Records supplied
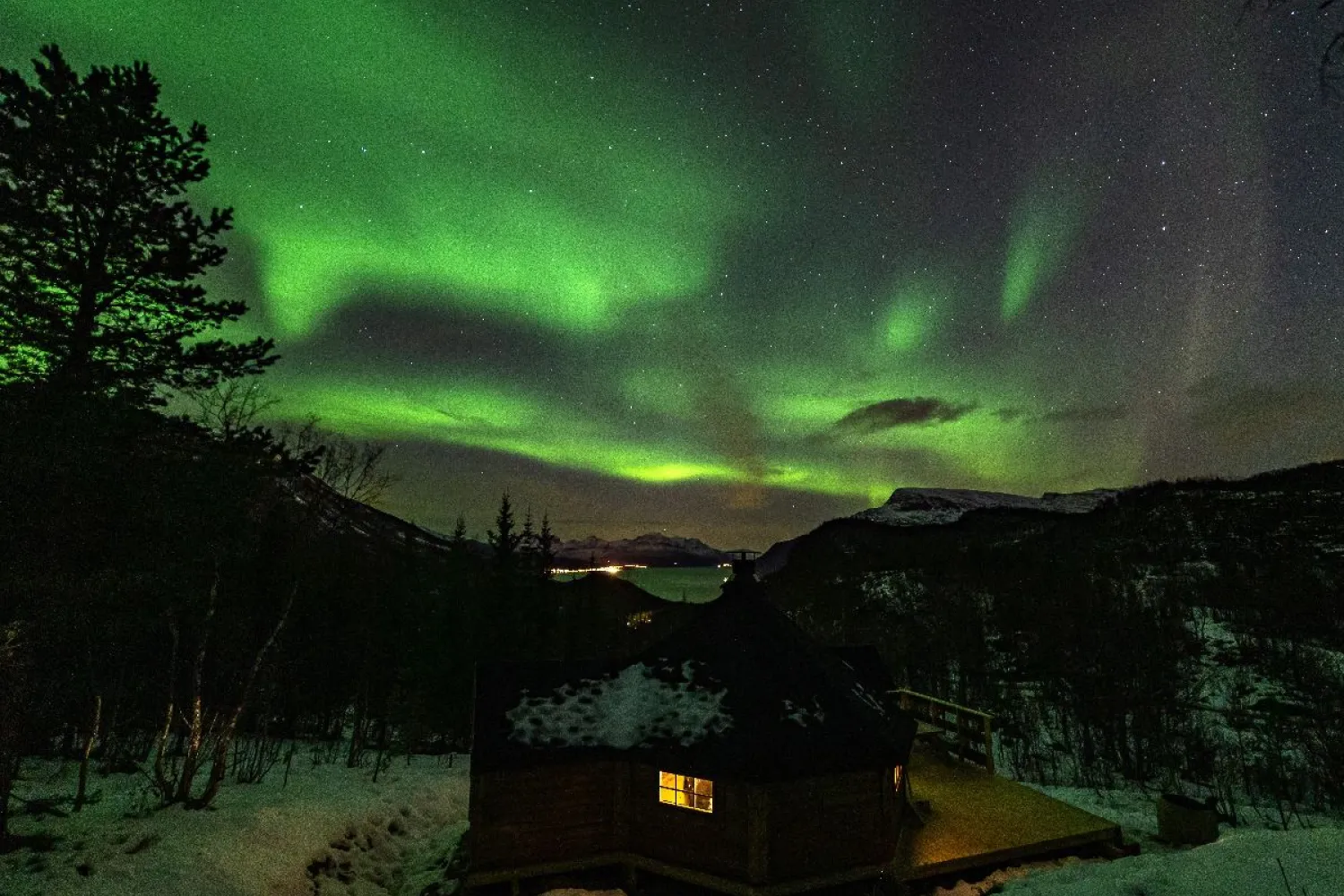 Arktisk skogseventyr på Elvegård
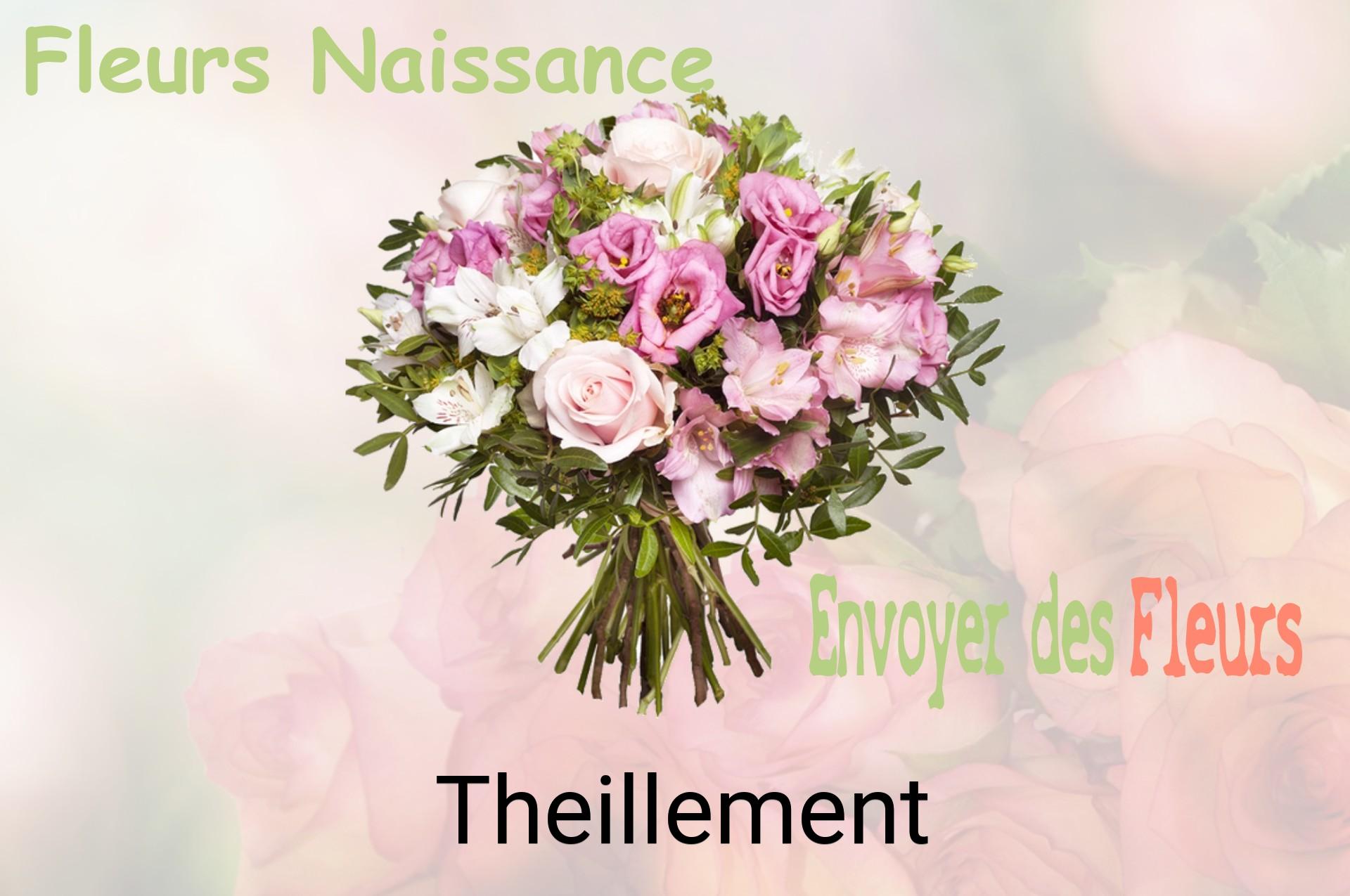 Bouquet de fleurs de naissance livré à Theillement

* * *

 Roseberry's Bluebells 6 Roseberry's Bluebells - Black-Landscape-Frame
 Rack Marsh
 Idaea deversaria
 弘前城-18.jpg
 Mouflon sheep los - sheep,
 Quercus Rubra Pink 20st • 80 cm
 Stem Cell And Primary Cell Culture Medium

What the exercise asks
In your answer, include only the lines above starting at the line that holds "Mouflon sheep los" and ending at the line that holds "Stem Cell And Primary Cell Culture Medium", copied exactly.

Solution to this task
 Mouflon sheep los - sheep,
 Quercus Rubra Pink 20st • 80 cm
 Stem Cell And Primary Cell Culture Medium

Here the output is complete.